I've never understood why this service is in such short supply, or why the ability itself is so stunted. I've wasted many hours, postulating by 'old timey', as the locals call them, drinks -- the kind of thing you add a dash of bitters to and have taste like nothing but juice when they'll get you fully loaded --just trying to figure out what the problem is and why it's so bad. I thought, maybe, it was television, perhaps the news, or even a fear of one's own mortality that had blindly herded us into patterns of sedition from our own roots, but none of that made sense. After months of searching, I've come no closer to finding an answer and I'm not sure I ever will either.
I've never been one of those people, the kind who can't seem to make rhyme or reason out of existence or respond positively to the random happenstance that really makes up life. It's the things you never expect that have the greatest potential to motivate you -- even if they lead you down a road of damnation, to a place where paranoia sometimes runs rampant and you're left looking over you shoulder looking for some rabid, wandering, marsupial that is hell bent on consuming your very existence.

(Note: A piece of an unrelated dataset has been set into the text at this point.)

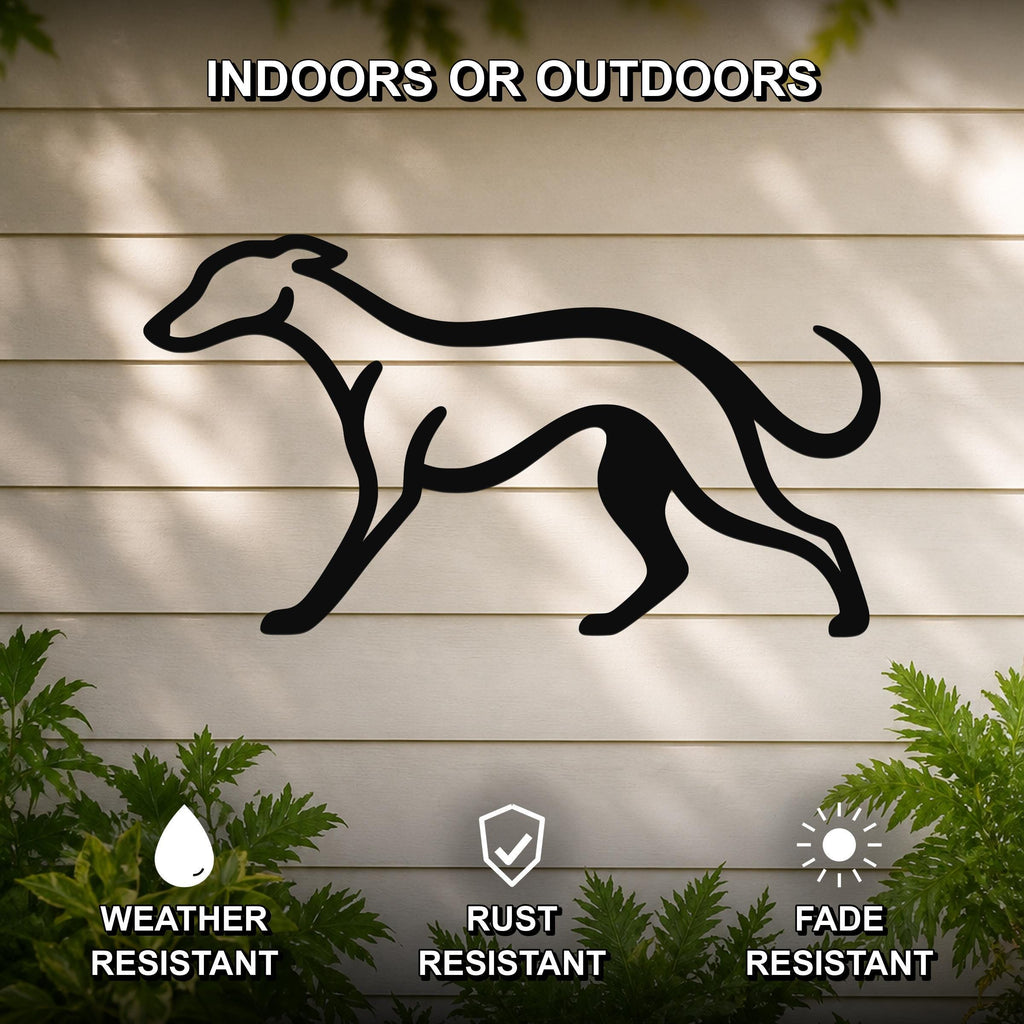Black metal greyhound silhouette wall art mounted on a light-colored outdoor wall, with green foliage at the base and text indicating it is weather, rust, and fade resistant.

All of this is just fine with me, honestly. They say the road from hell -- and I honestly don't know what else you could consider this representational world we live in -- is anything but short and easy, and I've always been okay with that. I've found nothing in life where the reward hasn't been directly proportionate to the investment -- if not the risk. It's why I've always gone for the big money. I have no time to nickel and dime bet my way through life. I'll play big, win big and-- as long as my credit's good -- play with as many chips as I can borrow, beg, or steal. It's why I've always respected the game of high stakes poker. Play Big, or go home.
Life doesn't award us any other luxury odd. Everything's a once in a lifetime chance, and each and every one of them is worth being taken. It's one of those high stakes tables, filled with every manner of random drunk and fool who's struck it big in the most recent turns, ready to lose it all with one bad throw of the dice. It's the lonesome drifters, those wayward, quiet, souls rolling in for one last toss of the dice, hoping to land the last, great, score before turning their cowboy boots toes up in the sand.

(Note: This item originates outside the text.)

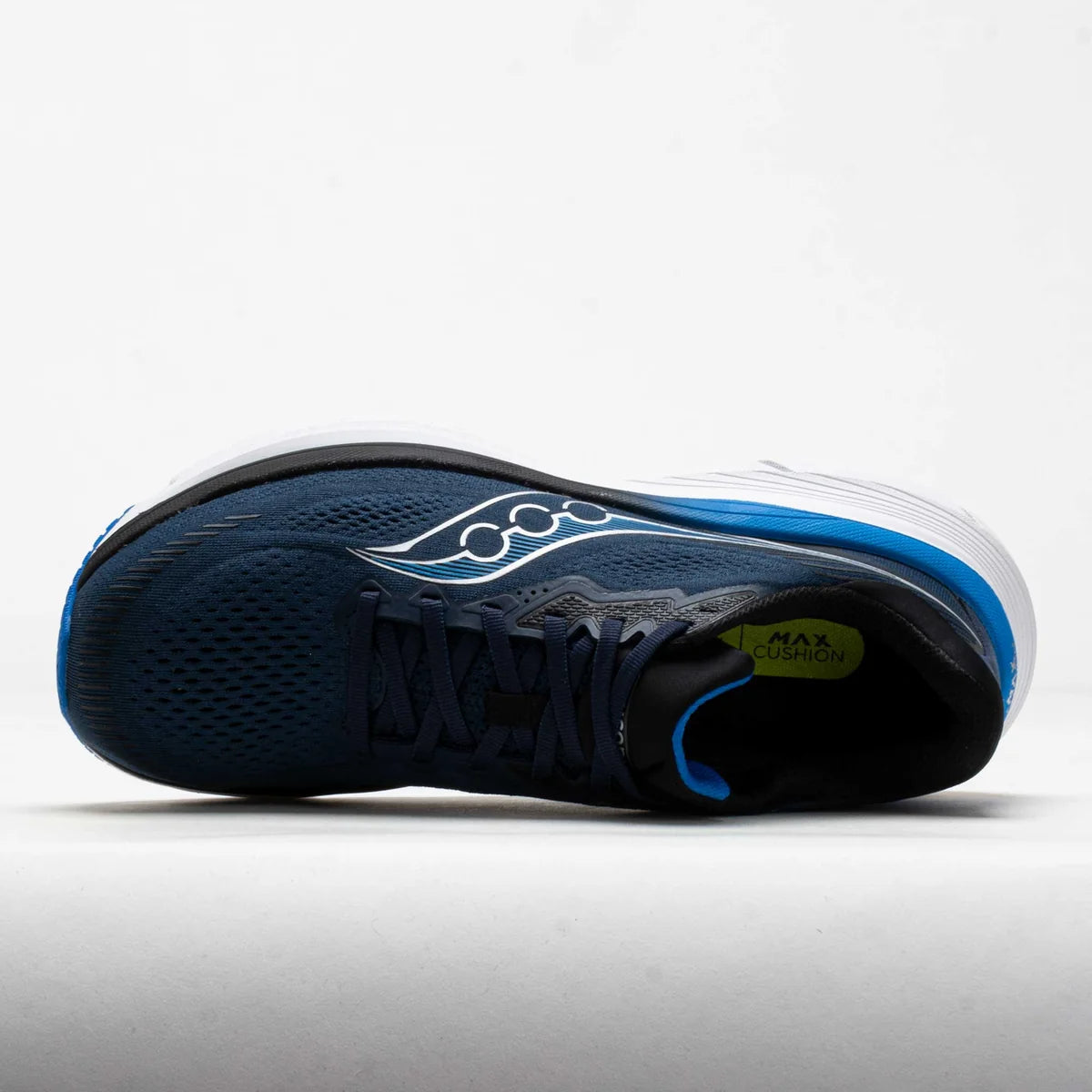 A single Saucony running shoe shown from the lateral side profile against a light gray studio background. The shoe features a dark navy blue mesh upper, a white Saucony wave logo, a bright blue midsole accent, and a black collar with a lime green 'MAX GEL' label.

It's an addictive, harrowing, ride and it'll leave you aged, like leather left out for years in the hot, Nevada, sun. Imagine a lifetime of desert driving, top down, head shaved, living on the borrowed promise of loud music and sunscreen free thinking; it's just this kind of life that will turn your skin to aged, brown, paper and leave all your wild ideas like faded articles to a, long forgotten, constitutional right to dream. After all, it's your right to dream of motor cars and high wages, to dream of a social order in which each man and each woman shall be able to attain to the fullest stature of which they are innately capable, to dream of being recognized by others for what they are, regardless of the fortuitous circumstances of birth or position -- even if that means being recognized for stealing words written by someone else, or being recognized as an absolute scavenger of the human condition.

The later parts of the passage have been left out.